Heineken’s next chief executive, due to take the reins in June, will be tasked with delivering on a strategy unveiled in October that promised higher beer sales using a slimmer resource base. The company said on Wednesday it plans to reduce its global headcount by up to 6,000 jobs over the coming two years and lowered its profit growth expectations for 2026 compared with forecasts a year earlier.
Those moves come as the world’s second-largest brewer, behind Anheuser-Busch InBev, contends with sluggish demand for beer and mounting pressure from investors. The brewer of Heineken, Amstel and Tiger is still searching for a new chief after the departure of its current CEO was announced in January; he will leave after six years in charge amid falling beer sales and investor dissatisfaction.
Volume recovery remains elusive
Reviving sales volumes is likely to be the most immediate and visible challenge for the incoming CEO. The recovery that investors hope for - mid-single-digit volume growth - looks some way off, with analyst expectations in the market pointing to volumes remaining well below that level until 2027. A range of headwinds cited by market observers - from adverse weather to political unrest - have disrupted the path back to steady growth.
Options to accelerate volume growth are limited while consumer spending remains constrained. Some competitors are seeking to broaden their revenue sources. For example, Carlsberg has pursued the acquisition of soft drinks maker Britvic as a way to offset slow beer sales and to diversify into non-alcoholic categories. Brewers are also increasingly allocating resources to non-alcoholic beer, a segment that has been growing rapidly and could help offset weaker alcoholic beer trajectories.

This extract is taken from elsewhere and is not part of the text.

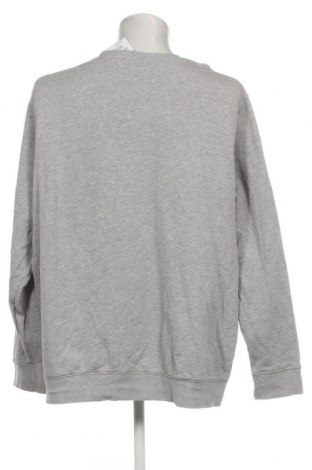 Ανδρική μπλούζα Wrangler, Μέγεθος 4XL, Χρώμα Γκρί, Τιμή 34,70 €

Investor returns and cost discipline
Investors point to Heineken’s weaker total shareholder returns relative to some peers, where companies such as AB InBev have deployed multi-billion-dollar share buyback programmes. Heineken has pledged annual savings of 500 million euros, and shareholders want to see those efficiencies translate into stronger profit delivery. The new CEO will need to balance cost cuts with selective investments to ensure the company can capitalize when demand improves.
Cost efficiency is a noted area of underperformance versus AB InBev, according to investors, and management will face scrutiny on where and how savings are implemented so that short-term reductions do not impair the brewer’s ability to benefit from a market rebound.
Production footprint decisions
Some analysts and investors argue that Heineken operates too many breweries, especially in mature regions such as Europe where future growth is limited. Concerns exist that changing drinking habits could lead to further declines in volumes. The next CEO will have to decide whether to close facilities or, as the outgoing leader did, defend the existing production footprint. Any site closures would be a sensitive strategic and operational choice.
Restoring valuation and investor confidence
Heineken’s market valuation has suffered more than those of many peers since 2021 as expectations for future earnings have moderated. Rebuilding the company’s valuation will require convincing investors that sales and profits can recover, even as the business navigates political and economic turbulence, generational shifts in drinking habits and emerging threats such as the growing popularity of weight-loss drugs. Restoring optimism will depend on a credible, executable plan that shows both top-line recovery and tangible margin improvements.
For the incoming chief executive, the test will be to show how stronger sales can be achieved with fewer resources while ensuring cost savings do not compromise long-term growth prospects.